Homosexuality is described as a sin by the Russian Orthodox Church. Source: ITAR-TASS
Debates about gay rights in Russia have recently flared up as parliament pushed ahead with a bill introducing fines of 4,000 rubles ($130) to 500,000 rubles ($16,600) for “promoting homosexuality among underage youth.”
The bill, which was passed by members of parliament unopposed in the first reading on Jan. 25, has every chance to pass through a key second reading slated for May 25.
Russian Foreign Ministry’s commissioner for human rights, Konstantin Dolgov, has criticized the British and French parliaments for voting in favour of same-sex marriages. “This reduces the opportunity for these countries’ nationals to adopt Russian children,” Dolgov said.
Its main sponsor, MP Yelena Mizulina, has made a stand against homosexual propaganda as something that “has increased in scope” and “can affect children’s health, their moral and spiritual development.”
In an interview with the Izvestia daily, Mizulina, the head of the family affairs committee of the lower house of parliament, cited statistics of sexual abuse of children to show that pernicious effects of gay propaganda are already there.
“In 2010, 65 percent of victims were girls and 30-35 percent were boys, and late last year boys made up 60-65 percent of the victims and girls – 30-35 percent. Many specialists believe that this has to do with aggressive propaganda of homosexual behavior in Russia,” Mizulina says.
The government, she added, should take into account the public attitude toward homosexuality. “In Russia, the public is intolerant of it,” she said.
The claim is backed by opinion polls – over 60 percent of Russians say that homosexuality irritates them, while 43 percent describe homosexuality as debauchery, and 32 percent believe that it is a psychological disorder.
In his research paper “Litmus test of Russian democracy,” a renowned sociologist, Igor Kon, traced back the history of public attitudes towards homosexuality to shed some light on why Russians are generally intolerant of it.
In the Soviet Union, Kon pointed out, homosexuality was considered a mental disorder and a crime, for which one could be sentenced to up to seven years in jail. It was not until 1993 that homosexuality was decriminalized.
“This was not the result of the government’s enlightenment or mounting public pressure,” said Kon. “Gay rights organizations had no influence and the rest barely cared – it was done to gain access to the Council of Europe.”
Homosexuality became “more seen and heard,” exasperating the conservative part of society.
“Gay people were made the scapegoats for all troubles in Russia, from demoralization of the army to declining birth rates,” Kon said.
In 2002, three years after Russia adopted the World Health Organization’s standards that treat homosexuality as a normal sexual orientation, MP Dmitry Rogozin (now a deputy prime minister), proposed a motion to jail gay people for up to five years. If the bill had been passed, Russia would have lost its place in the Council of Europe.
A leading force challenging gay rights is the Russian Orthodox Church, which officially describes homosexuality as a sin.

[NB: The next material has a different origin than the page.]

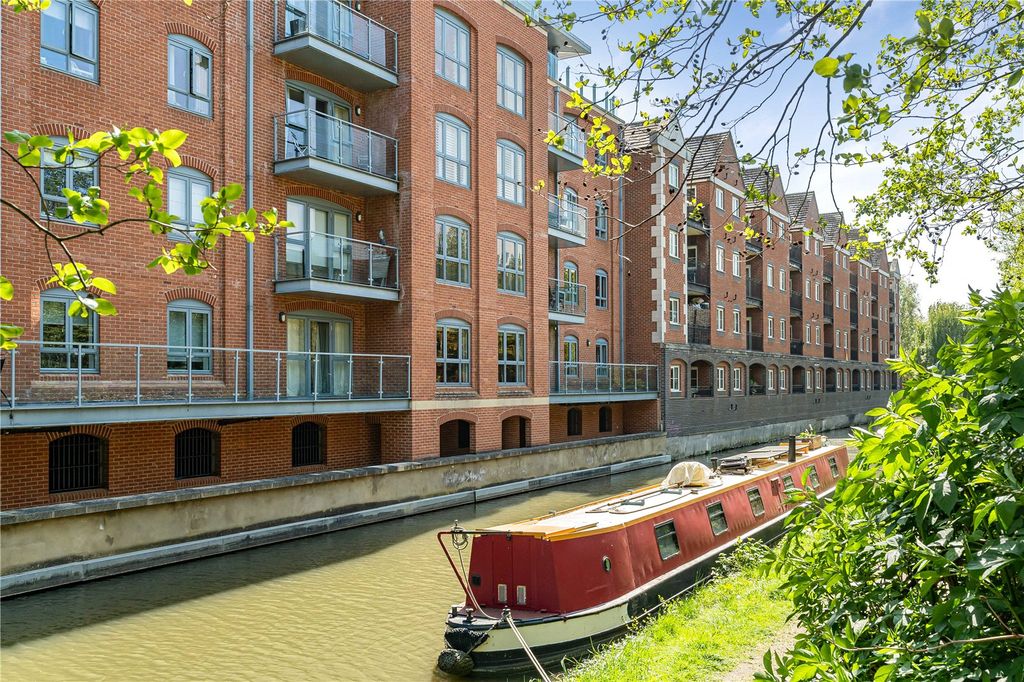 Additional image 15 of 3 bed flat for saleWalton Well Road, Waterfront OX2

“We are against equalizing homosexual relationships and natural relationships between men and women,” Patriarch Kirill, Russian Orthodoxy’s spiritual leader, said in 2009.
Kon pointed out that Russian culture has been closed and introverted traditionally, and public champions of gay rights are very few in number. In his view, sexual minorities are of little if any interest to major political parties, and the Russian LGBT community consists of several disjointed groups and is poorly organized.

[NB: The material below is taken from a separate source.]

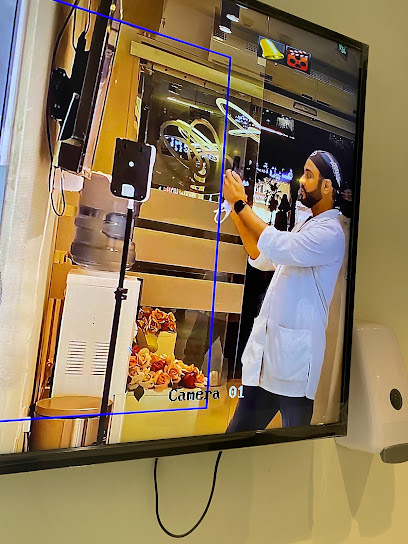 الدكتور نضال ايوب - استشاري الجراحة الجلدية التجميلية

But no matter how little support gay people have enjoyed in Russia, their rights have never been challenged so unequivocally by the government and parliament opposition until now.

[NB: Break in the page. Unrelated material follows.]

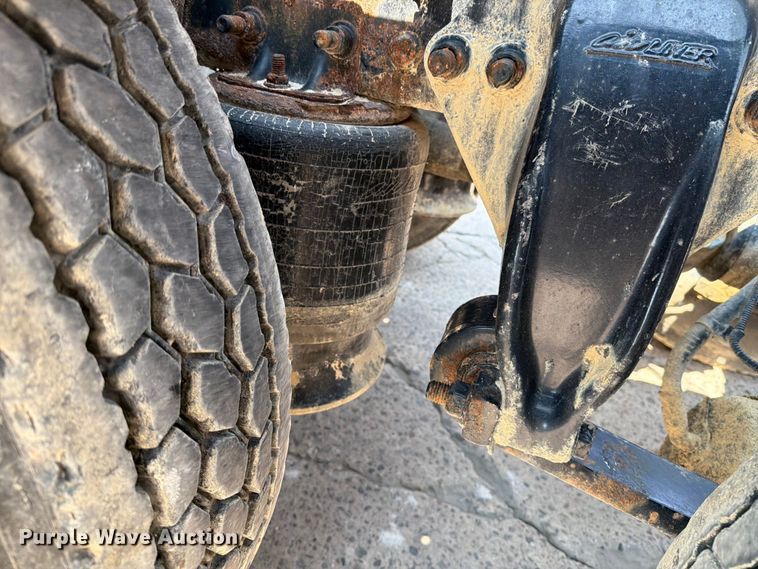 image for item DV8572 2012 Freightliner Cascadia semi truck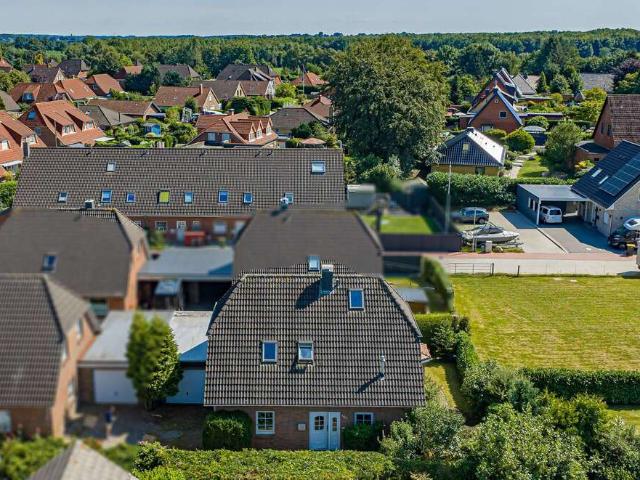 Haus zum Kaufen in Wees 375.000,00 EUR 124 m²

Political analysts see the bid to ban homosexual propaganda as a repercussion of growing discontent with the government among Russia’s middle class. It showed itself most explicitly a year ago, when Moscow and several other cities were hit by the biggest wave of street protests since the collapse of the Soviet Union.
“There are two main trends right now – growing protest, dissatisfaction with the regime, its waning legitimacy, and a clampdown on the regime’s opponents in response,” the head of the Levada national pollster Lev Gudkov said at the Levada annual conference in January.
“People in the government are feeling disturbed over dwindling support, and in such a state one is more likely than not to resort to repressive and primitive decisions,” says Mark Urnov, who heads the Political Behavior Department at Moscow’s Higher School of Economics.
“Having abandoned hope to win over the most progressive social groups, which demand freedom and respect for their rights, they are struggling to solidify the support they have among the larger, conservative part of society,” Urnov said.
The current anti-gay motion could be viewed in a broader context of the government’s latest initiatives, which critics say infringe on human rights. Over the past year parliament passed a string of laws, from toughening street rally regulations to banning adoptions into American homes, which prompted a wave of indignation among government critics.
“The government is trying to impose its own agenda on society and opposition, diverting public discourse from really important problems,” says Alexei Makarkin, First Vice President of the Center for Political Technologies. “If opposition brings up the problem of corruption, the government will raise the issue of morality. If opposition says the economy is in a shambles, the government will try to switch opposition’s attention to the issue of sexual minorities’ rights.”